|
Using the mkvdk utility
The mkvdk utility is an indexing application, provided
with other Verity utilities, that you can use to create and maintain
collections. It is a command-line utility that you can use within
other applications or shell scripts to provide more sophisticated
scheduling and other capabilities.
The
mkvdk executable file, which starts the mkvdk utility, is located
in the platform/bin directory. For more information on the
specific location of this directory, see Location of Verity utilities.
Note: To display a list of mkvdk command-line options,
enter the following command: mkvdk -help
The mkvdk utility syntaxThe
following is the basic syntax of the mkvdk command:
mkvdk -collection path [option] [dockey]
Multiple options and dockeys can be included, as needed. If dockey
is a list of files, it should consist of an at sign (@) followed
by the filename that contains a simple list of files (for example,
@filelist). For more information about the options for the mkvdk
utility, see Getting started with the Verity mkvdk utility.
The following operations occur when you use the mkvdk utility
to create a collection:
New collection directories are created and the specified
style files are copied to the style subdirectory.
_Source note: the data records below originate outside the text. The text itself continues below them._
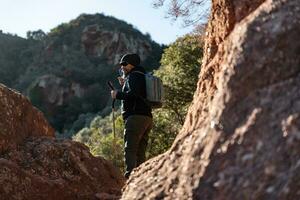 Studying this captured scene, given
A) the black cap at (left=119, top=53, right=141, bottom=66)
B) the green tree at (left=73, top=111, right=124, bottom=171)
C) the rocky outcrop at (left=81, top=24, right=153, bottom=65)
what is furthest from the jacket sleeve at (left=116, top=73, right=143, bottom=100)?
the rocky outcrop at (left=81, top=24, right=153, bottom=65)

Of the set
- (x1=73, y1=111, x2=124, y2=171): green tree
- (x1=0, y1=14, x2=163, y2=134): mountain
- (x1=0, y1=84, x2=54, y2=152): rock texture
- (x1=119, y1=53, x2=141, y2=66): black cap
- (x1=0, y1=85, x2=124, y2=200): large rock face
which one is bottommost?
(x1=0, y1=85, x2=124, y2=200): large rock face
The style file settings are read and the required information
is passed to the Verity search engine.
The gateway is used to open the document files, which are
parsed according to the settings in various style files.
A new partition is created, which includes an index and an
attribute table.
Assist data is generated, which might include a spanning
word list.
When problems
occur during an operation, the mkvdk utility writes error messages
to the system log file (sysinfo.log). You can direct error and other messages
to the console by using the mkvdk command with the -outlevel option.
You can direct messages to a file of your choice by using the -loglevel and -logfile options.
The log file contains the following fields:
Date
Time
Level
Code
Component
Description
You can use the log file to view details about what happens during
the collection creation process. Use the mkvdk -loglevel command
and specify the numeric identifier for the message level you want,
as summarized in the following table:
Type
|
Number
|
Fatal
|
1
|
Error
|
2
|
Warning
|
4
|
Status
|
8
|
Info
|
16
|
Verbose
|
32
|
Debug
|
64
|
To calculate the numeric parameter, add the numbers for the message
types you want to include. The default for both -outlevel and -loglevel is
15, which selects fatal, error, warning, and status messages (1+2+4+8).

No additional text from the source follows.